I've heard this also. But I would bet money that you wouldn't be able to figure out any of them. There was a 4 digit bike lock that was abandoned on the bike rack outside my work and instead of cutting it off we tried to figure out the combo so someone could use it. Researched all the tricks and techniques online and tried them all, to no avail. It was impossible to figure out any of the numbers for sure. I don't think any would be thieves would be able to figure that out either, nor would they risk hanging out at your car for an hour trying to get the combo even if they could get one of the numbers, which they wouldn't be able to. 

brendodendo I like the idea of stashing them somewhere nearby


----------



## glenn (May 13, 2009)

Shit happens on the river. A key on the river shouldn't be the only key you have with you.


----------



## glenn (May 13, 2009)

mattoak said:


> I've heard this also. But I would bet money that you wouldn't be able to figure out any of them. There was a 4 digit bike lock that was abandoned on the bike rack outside my work and instead of cutting it off we tried to figure out the combo so someone could use it. Researched all the tricks and techniques online and tried them all, to no avail. It was impossible to figure out any of the numbers for sure. I don't think any would be thieves would be able to figure that out either, nor would they risk hanging out at your car for an hour trying to get the combo even if they could get one of the numbers, which they wouldn't be able to.
> 
> brendodendo I like the idea of stashing them somewhere nearby


I'm not a thief, they are much better at cracking locks. I just mess around with them when I get my hands on a new lock. I've cracked a number of the 3 and 4 digit locks where I did not know the combo. The bad ones I can crack in under a minute. These don't look like the cheap ones but I bet they still have one pin with enough feedback to simply the problem. Buy it if you like, any protection is better than nothing and you probably won't get your safe broken into. I just don't like the economics of the protection provided.


----------



## king (Aug 10, 2013)

put your keys under fake pile of dog shit next to truck. joke


----------



## k2andcannoli (Feb 28, 2012)

I second the Ford pin entry system, its awesome! If I'll be away for several days, I pop the hood, just in case it has a dead battery upon return.


----------



## 2kanzam (Aug 1, 2012)

mattoak said:


> I've heard this also. But I would bet money that you wouldn't be able to figure out any of them.


 
I've cracked many, many 3 and 4 digit combination locks. All that I did were under 10 mins (most are under 5, after then I give up unless I REALLY want in there). Because Of that I don't ever use one...key lock only.

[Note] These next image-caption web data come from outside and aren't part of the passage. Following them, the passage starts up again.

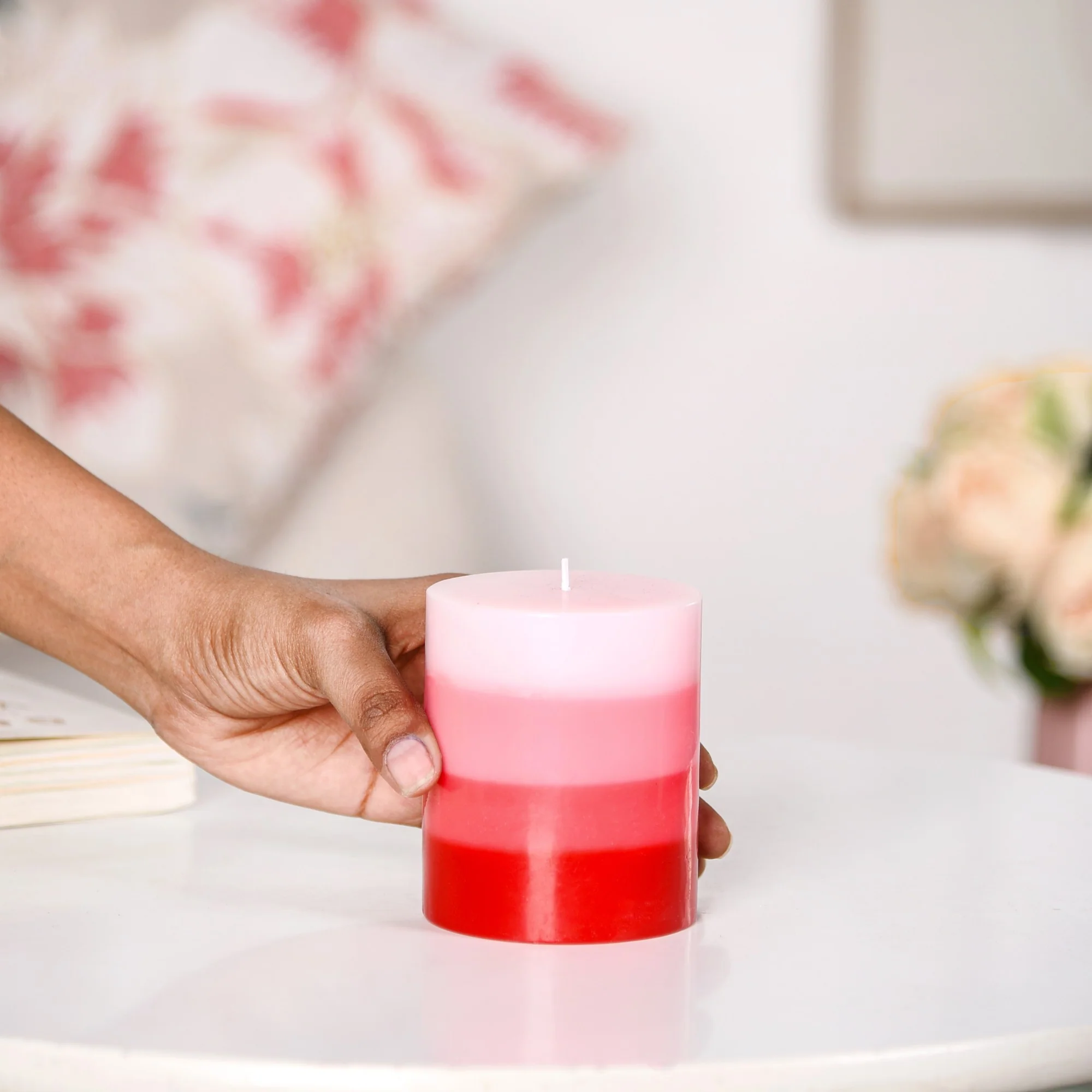 Layered Pillar Candle Red And Pink - Image 2
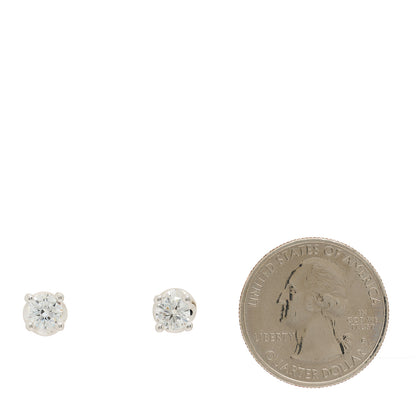 Bulgari 18K White Gold Diamond 1.25ctw Corona Solitaire Earrings 2 of 4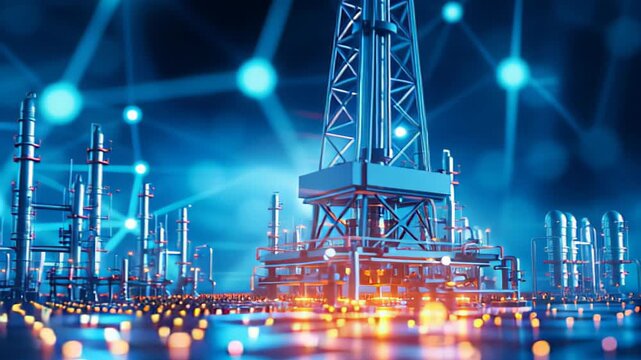 Futuristic oil rig and refinery with digital network connections and glowing lights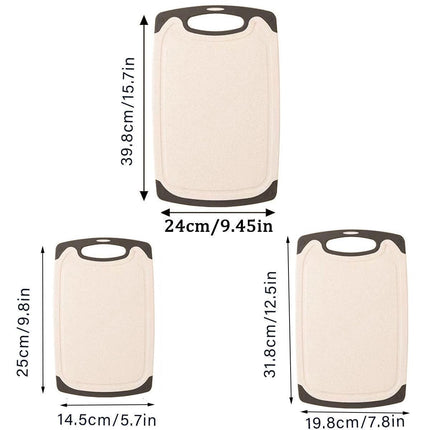 3PCS Wheat Straw Cutting Board Kitchen Chopping Board for Vegetables Meat Fruit.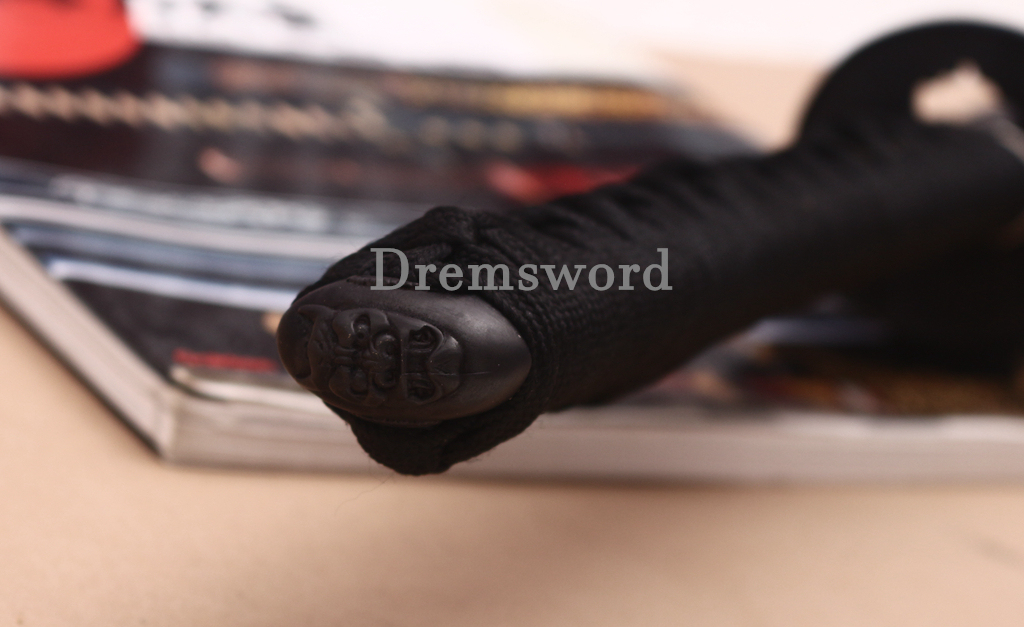 1095 High Carbon Steel Katana Japanese Samurai Functional Battle Sword KOGARASU-MARU ZUKURI Black Saya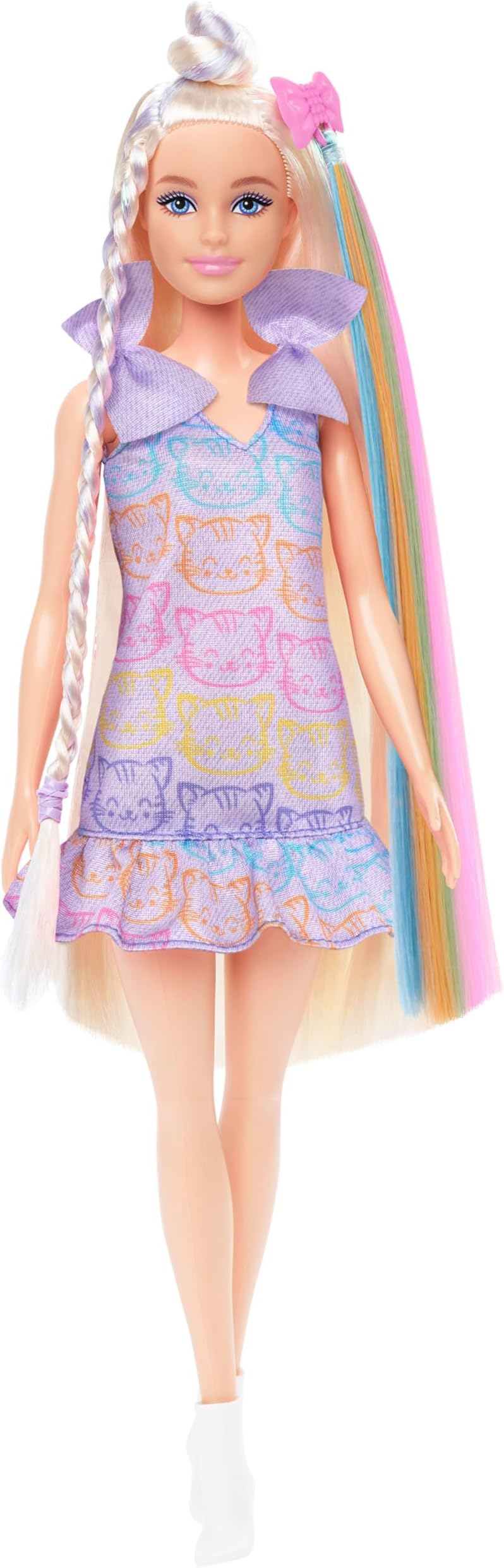 โBarbie Fun & Fancy Doll & Accessories, Blonde Fashion Doll | with Extra-Long Hair & 2 Looks, Including Silver Metallic Dress & Hair Extension, JCT72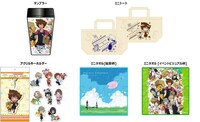 「デジモンアドベンチャー tri. ショップ in 池袋P'PARCO」限定アイテム。左から時計回りに「タンブラー」1404円、「ミニトート」各1296円、「ミニタオル」各864円、「アクリルキーホルダー」各1620円。
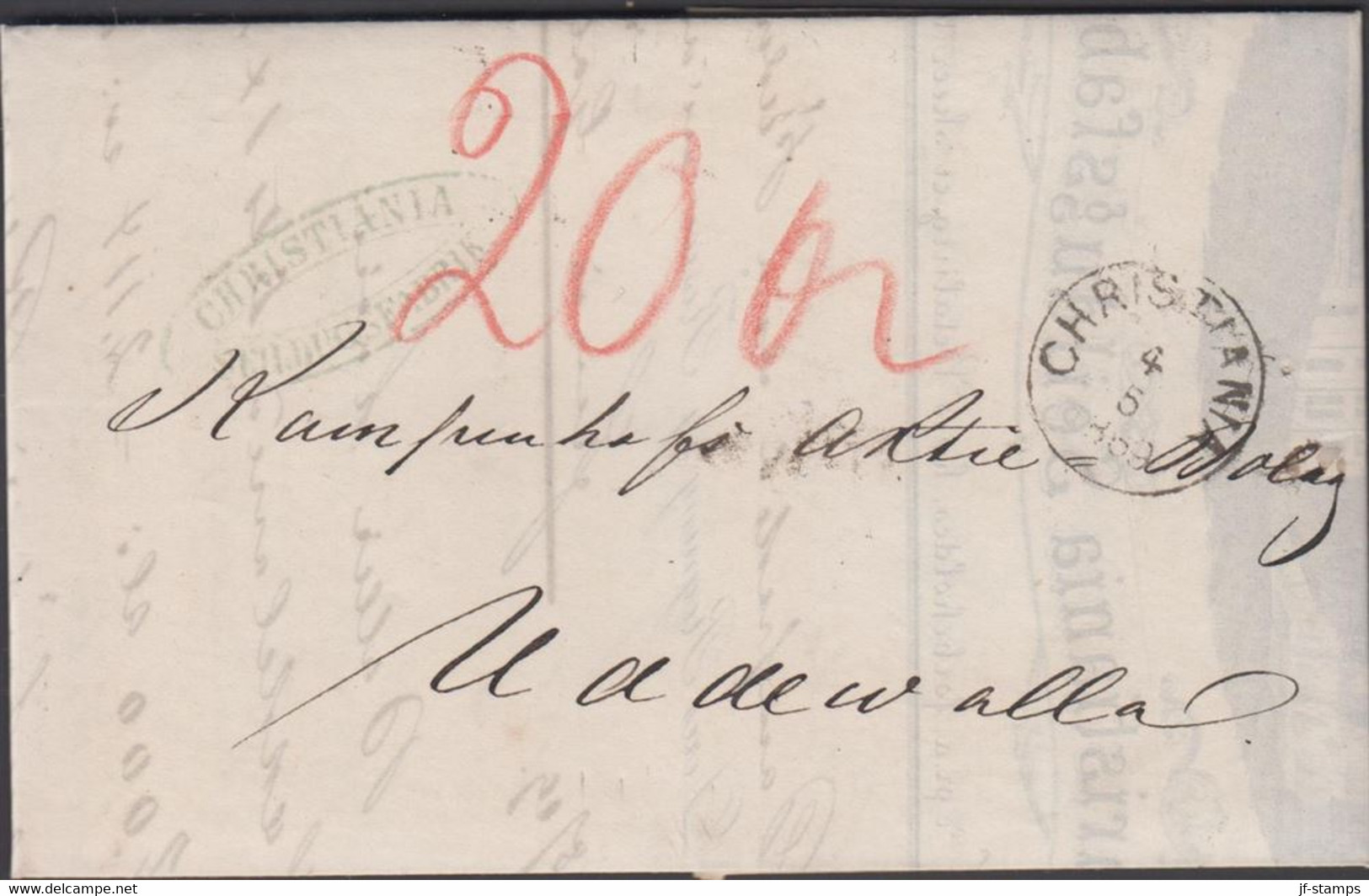 1869. NORGE. Nice Small Cover To Uddevalla, Sverige Cancelled CHRISTIANIA 4 5 1869. Marking 20 In Orange R... - JF427635 - ...-1855 Voorfilatelie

I park in some sketchy places ("There ain't no law in these parts, son...." is a common "joke" among us) so I never ever leave anything valuable in the car. Anything that could even LOOK valuable gets hidden. If the area is really bad, I have been known to leave it unlocked. Once or twice I have come back to find someone rummaged, but found nothing to take and left no damage.


----------



## DanOrion (Jun 8, 2004)

Amazon.com: Master Lock 5400D Select Access Key Storage Box with Set-Your-Own Combination Lock, 1-Pack: Home Improvement


----------



## yesimapirate (Oct 18, 2010)

Ok, riddle me this. The newer 4Runners don't have a mechanical key nor do they have an electronic keypad like the Fords. Your soul type of entry is a clicker that also has a proximity feature where you can unlock the door just by pulling the handle if you are in range of either front door or the trunk door. Is it worth hiding that $300 clicker somewhere far enough away from the car in the elements? Whether it's in a sealed container or not, I'm still having a hard time leaving one.

What would you do?


----------



## SteamboatBORN (Sep 22, 2012)

2kanzam said:


> I've cracked many, many 3 and 4 digit combination locks. All that I did were under 10 mins (most are under 5, after then I give up unless I REALLY want in there). Because Of that I don't ever use one...key lock only.
> 
> I park in some sketchy places ("There ain't no law in these parts, son...." is a common "joke" among us) so I never ever leave anything valuable in the car. Anything that could even LOOK valuable gets hidden. If the area is really bad, I have been known to leave it unlocked. Once or twice I have come back to find someone rummaged, but found nothing to take and left no damage.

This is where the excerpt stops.